Русские коммерсанты вели себя не лучше. Профессора Томского университета Боголепов и Соболев, в 1912 г. изучавшие в Урге перспективы русско-монгольской торговли, писали, что купцы-сибиряки “дешевые зеркала всучивали монголам за десятки рублей, шомполы продавали по такой цене, будто они сделаны из серебра, а за пачку иголок брали годовалого бычка”. Известна фаталистическая монгольская поговорка: “У купца искать правду, что у змеи – ноги”.
Богдо – великий, священный.
В Монголии тогда действовала германская агентура, а поскольку Унгерн был немцем, необычные обстоятельства его увольнения в запас заинтересовали русскую военную разведку (Чуров В. Е. Тайна четырех генералов. М., 2005. С. 364).

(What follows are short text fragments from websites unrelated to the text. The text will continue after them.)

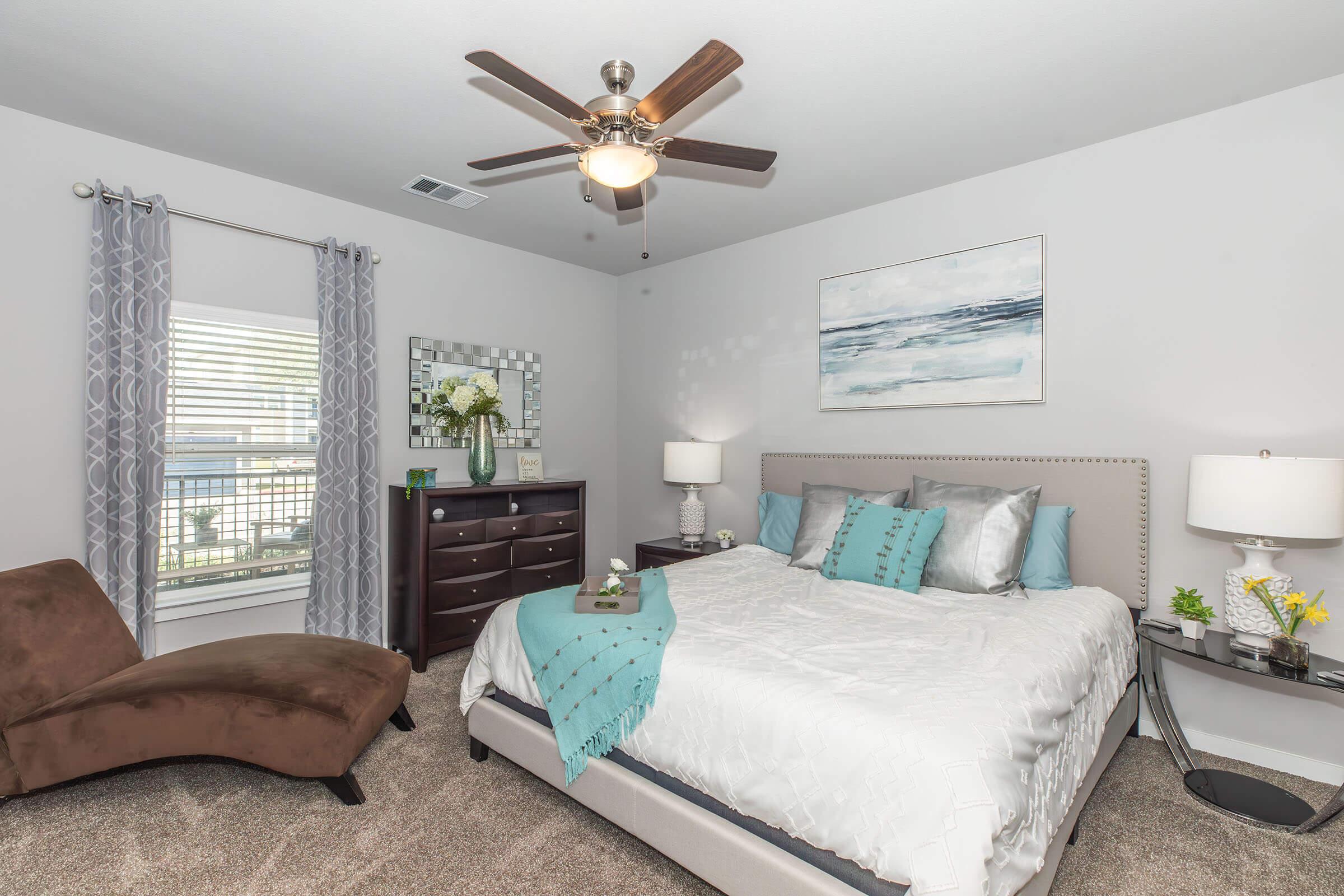 A cozy bedroom featuring a queen-sized bed with light gray bedding and decorative teal pillows. There's a dark wooden dresser, a stylish mirror, and a small side table with lamps. A brown chaise lounge is positioned to one side, and large windows with gray curtains allow natural light to brighten the space.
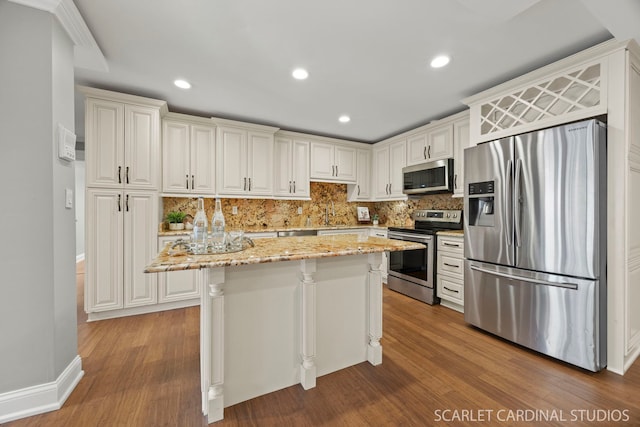 714 Walnut Dr Unit 109, Darien, IL 60561 - kitchen with appliances with stainless steel finishes, wood finished floors, and tasteful backsplash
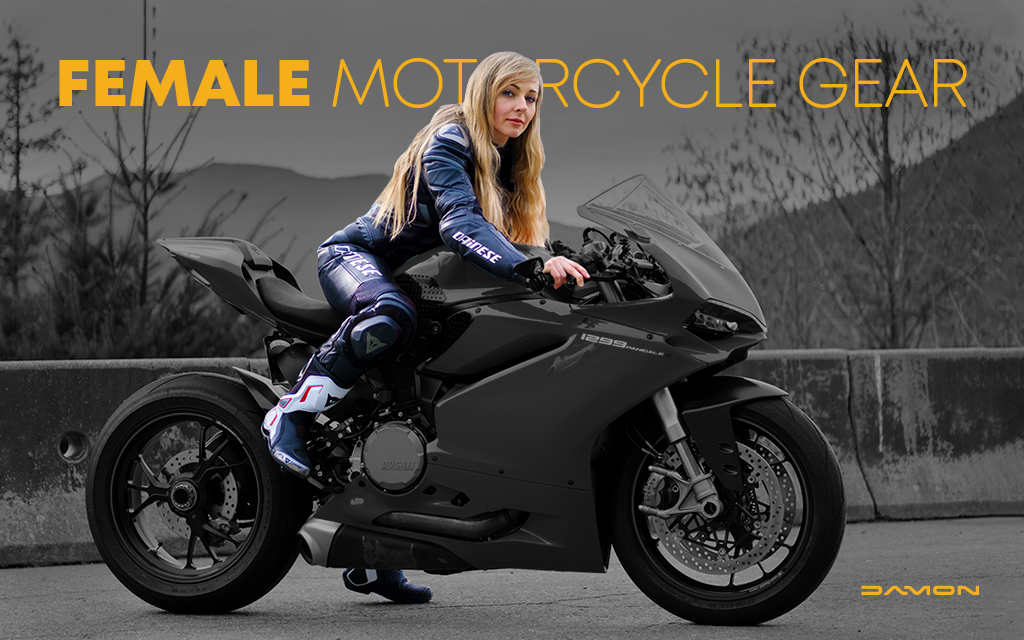 Blonde motorcycle rider wearing women gear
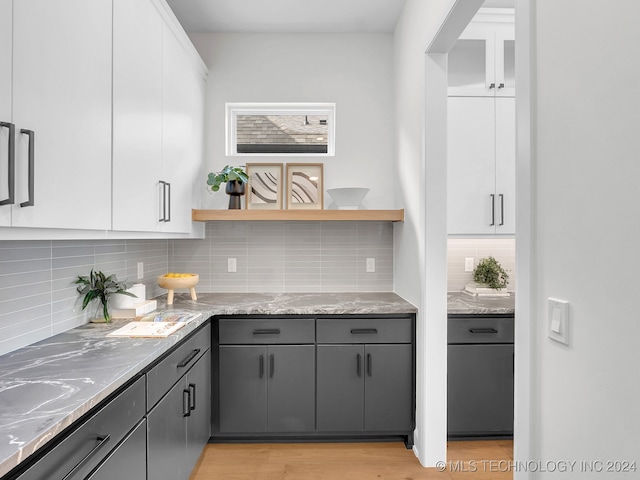 kitchen featuring white cabinetry, gray cabinetry, and backsplash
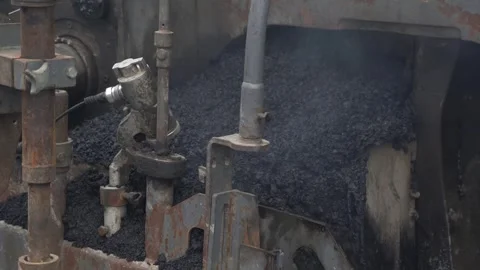 Construction of asphalt roads using an asphalt paver Stock Footage 321825609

К тому времени Джа-лама начал обнаруживать не только антикитайские, но и антирусские настроения. В 1914 г. он был вывезен в Сибирь и некоторое время просидел в томской тюрьме, где его навещал основоположник сибирского областничества, путешественник, этнограф и собиратель монгольского фольклора Григорий Николаевич Потанин. Цель визита кажется странной. Как рассказывал сам Потанин, он хотел разузнать у Джа-ламы подробности очень почему-то интересовавших его монгольских легенд о “людях с большими ушами”.